**Directions**
Copy the entries exactly, through the "Thiruchendur Murugan Blessings" line.

Short text fragments from websites:
---

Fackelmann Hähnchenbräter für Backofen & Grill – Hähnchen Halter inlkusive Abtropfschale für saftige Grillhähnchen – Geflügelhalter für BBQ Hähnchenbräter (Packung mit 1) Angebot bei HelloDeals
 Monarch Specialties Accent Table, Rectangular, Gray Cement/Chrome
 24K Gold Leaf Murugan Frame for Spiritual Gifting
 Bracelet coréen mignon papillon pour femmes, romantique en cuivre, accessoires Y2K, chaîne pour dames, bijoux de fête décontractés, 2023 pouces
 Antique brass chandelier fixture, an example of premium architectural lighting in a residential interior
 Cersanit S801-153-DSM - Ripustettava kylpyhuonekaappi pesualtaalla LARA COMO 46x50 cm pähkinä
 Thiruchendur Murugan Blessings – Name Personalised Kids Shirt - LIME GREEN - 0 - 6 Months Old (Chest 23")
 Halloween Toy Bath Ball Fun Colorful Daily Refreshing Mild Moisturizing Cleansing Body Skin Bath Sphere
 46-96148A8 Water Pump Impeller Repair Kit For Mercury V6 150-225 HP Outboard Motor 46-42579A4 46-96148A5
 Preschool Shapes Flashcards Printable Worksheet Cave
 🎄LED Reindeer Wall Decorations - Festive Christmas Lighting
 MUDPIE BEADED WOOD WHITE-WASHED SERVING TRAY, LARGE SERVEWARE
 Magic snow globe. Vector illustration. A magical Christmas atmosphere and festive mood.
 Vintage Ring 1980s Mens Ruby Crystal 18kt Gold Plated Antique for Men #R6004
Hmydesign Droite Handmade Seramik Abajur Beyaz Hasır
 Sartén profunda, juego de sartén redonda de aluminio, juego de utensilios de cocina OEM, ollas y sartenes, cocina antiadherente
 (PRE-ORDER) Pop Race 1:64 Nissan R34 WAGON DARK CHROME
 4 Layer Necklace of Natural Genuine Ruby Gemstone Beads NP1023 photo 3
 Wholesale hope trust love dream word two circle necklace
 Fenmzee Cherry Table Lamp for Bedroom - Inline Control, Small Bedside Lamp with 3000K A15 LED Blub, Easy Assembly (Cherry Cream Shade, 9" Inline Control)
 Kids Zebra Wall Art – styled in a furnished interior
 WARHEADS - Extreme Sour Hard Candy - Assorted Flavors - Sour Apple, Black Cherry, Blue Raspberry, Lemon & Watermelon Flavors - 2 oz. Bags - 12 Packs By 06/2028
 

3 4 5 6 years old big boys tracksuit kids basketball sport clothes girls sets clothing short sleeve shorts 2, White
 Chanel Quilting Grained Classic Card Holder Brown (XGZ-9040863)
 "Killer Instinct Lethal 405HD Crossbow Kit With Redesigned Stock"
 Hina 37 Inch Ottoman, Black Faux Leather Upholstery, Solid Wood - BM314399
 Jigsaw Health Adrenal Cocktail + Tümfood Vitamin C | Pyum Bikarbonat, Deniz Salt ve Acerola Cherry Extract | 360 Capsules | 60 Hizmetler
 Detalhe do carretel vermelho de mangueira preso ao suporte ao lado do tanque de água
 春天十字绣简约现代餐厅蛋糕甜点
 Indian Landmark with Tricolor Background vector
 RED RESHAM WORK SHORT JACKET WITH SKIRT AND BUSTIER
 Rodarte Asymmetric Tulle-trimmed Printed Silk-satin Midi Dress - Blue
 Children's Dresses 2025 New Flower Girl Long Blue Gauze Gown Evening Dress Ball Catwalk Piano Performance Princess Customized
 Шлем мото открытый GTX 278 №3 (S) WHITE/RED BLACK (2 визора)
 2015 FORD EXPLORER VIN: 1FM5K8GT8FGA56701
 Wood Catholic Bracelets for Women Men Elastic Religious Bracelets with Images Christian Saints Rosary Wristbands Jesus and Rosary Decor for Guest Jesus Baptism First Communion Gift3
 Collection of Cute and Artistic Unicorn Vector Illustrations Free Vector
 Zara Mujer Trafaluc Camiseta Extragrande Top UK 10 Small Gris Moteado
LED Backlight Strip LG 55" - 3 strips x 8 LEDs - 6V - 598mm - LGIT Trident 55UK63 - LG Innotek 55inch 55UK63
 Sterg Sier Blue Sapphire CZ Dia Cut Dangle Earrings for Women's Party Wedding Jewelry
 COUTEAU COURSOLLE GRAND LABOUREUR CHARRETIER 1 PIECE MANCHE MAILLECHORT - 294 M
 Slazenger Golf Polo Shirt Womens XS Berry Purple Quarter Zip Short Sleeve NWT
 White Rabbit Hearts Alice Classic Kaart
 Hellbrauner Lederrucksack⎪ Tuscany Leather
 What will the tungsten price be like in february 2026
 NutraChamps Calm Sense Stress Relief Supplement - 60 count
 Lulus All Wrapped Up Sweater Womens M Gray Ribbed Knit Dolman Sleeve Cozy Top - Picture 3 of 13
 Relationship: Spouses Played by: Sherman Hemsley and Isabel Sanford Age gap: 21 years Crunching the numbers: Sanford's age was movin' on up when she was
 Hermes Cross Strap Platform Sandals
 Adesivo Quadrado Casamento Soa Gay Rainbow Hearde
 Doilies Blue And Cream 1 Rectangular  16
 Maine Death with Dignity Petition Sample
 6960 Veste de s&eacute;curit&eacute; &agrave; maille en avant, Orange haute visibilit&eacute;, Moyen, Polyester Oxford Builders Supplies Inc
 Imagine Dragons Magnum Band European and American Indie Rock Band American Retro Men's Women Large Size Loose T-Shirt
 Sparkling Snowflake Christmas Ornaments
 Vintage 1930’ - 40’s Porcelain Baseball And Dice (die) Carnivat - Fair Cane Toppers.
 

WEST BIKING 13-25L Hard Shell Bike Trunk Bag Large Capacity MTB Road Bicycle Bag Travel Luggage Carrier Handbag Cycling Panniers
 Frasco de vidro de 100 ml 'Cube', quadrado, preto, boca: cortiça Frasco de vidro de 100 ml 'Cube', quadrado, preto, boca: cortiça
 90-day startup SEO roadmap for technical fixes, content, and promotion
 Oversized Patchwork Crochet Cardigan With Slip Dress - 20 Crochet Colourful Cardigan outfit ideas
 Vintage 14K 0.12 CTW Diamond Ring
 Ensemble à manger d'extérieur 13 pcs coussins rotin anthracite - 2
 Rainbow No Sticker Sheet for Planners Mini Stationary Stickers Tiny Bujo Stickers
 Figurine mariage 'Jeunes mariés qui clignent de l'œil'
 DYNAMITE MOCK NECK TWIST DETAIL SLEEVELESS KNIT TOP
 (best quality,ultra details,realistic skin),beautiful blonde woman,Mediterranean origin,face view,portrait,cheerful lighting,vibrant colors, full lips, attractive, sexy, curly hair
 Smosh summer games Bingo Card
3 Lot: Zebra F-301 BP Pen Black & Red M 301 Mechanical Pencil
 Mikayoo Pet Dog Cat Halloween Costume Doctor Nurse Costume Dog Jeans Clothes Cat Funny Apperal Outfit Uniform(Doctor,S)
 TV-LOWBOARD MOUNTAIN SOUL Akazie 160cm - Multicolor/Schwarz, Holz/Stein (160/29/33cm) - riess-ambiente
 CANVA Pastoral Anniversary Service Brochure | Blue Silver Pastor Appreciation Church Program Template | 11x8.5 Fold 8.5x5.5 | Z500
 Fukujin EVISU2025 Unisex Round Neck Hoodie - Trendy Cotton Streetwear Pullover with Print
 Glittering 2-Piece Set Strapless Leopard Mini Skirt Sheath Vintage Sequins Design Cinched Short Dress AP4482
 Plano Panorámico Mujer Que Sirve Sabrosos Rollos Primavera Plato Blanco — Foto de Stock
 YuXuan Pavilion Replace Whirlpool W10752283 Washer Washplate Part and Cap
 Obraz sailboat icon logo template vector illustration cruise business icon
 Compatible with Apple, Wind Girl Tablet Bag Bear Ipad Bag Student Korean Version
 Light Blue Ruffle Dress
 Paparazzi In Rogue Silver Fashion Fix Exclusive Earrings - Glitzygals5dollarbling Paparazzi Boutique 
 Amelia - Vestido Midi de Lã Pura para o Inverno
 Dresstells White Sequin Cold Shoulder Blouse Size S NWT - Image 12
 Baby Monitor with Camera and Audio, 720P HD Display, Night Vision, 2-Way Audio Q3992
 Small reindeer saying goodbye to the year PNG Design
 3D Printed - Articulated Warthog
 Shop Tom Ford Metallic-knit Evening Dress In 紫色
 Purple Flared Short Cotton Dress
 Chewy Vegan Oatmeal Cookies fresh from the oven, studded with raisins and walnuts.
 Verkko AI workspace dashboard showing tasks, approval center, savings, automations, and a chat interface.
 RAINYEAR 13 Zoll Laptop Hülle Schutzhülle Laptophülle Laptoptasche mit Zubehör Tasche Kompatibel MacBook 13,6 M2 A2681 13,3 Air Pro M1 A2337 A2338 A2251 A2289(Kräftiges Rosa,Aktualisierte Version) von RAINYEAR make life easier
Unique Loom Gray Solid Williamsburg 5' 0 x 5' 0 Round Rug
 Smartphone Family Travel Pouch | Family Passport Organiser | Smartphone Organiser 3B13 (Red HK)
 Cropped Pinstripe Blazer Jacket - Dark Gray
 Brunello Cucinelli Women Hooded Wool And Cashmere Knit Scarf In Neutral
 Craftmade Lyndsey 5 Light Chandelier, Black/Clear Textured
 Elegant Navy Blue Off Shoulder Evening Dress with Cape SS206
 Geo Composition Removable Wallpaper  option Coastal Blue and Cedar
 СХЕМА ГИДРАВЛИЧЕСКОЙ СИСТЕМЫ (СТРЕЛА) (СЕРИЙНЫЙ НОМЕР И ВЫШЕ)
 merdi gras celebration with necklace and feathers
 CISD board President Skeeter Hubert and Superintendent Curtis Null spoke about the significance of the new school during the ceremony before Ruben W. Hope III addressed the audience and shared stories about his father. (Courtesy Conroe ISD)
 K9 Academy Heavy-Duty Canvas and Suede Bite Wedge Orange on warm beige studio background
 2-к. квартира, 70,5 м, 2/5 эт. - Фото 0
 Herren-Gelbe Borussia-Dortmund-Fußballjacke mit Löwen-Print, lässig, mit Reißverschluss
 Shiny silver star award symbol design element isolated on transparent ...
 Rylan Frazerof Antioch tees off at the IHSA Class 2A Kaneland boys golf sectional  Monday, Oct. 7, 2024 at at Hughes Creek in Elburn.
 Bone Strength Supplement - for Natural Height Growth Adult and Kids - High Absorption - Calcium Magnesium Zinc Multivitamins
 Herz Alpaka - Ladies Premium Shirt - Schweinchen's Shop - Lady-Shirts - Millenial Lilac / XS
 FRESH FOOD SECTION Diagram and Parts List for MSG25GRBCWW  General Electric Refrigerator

---

**Exercise result**
Fackelmann Hähnchenbräter für Backofen & Grill – Hähnchen Halter inlkusive Abtropfschale für saftige Grillhähnchen – Geflügelhalter für BBQ Hähnchenbräter (Packung mit 1) Angebot bei HelloDeals
 Monarch Specialties Accent Table, Rectangular, Gray Cement/Chrome
 24K Gold Leaf Murugan Frame for Spiritual Gifting
 Bracelet coréen mignon papillon pour femmes, romantique en cuivre, accessoires Y2K, chaîne pour dames, bijoux de fête décontractés, 2023 pouces
 Antique brass chandelier fixture, an example of premium architectural lighting in a residential interior
 Cersanit S801-153-DSM - Ripustettava kylpyhuonekaappi pesualtaalla LARA COMO 46x50 cm pähkinä
 Thiruchendur Murugan Blessings – Name Personalised Kids Shirt - LIME GREEN - 0 - 6 Months Old (Chest 23")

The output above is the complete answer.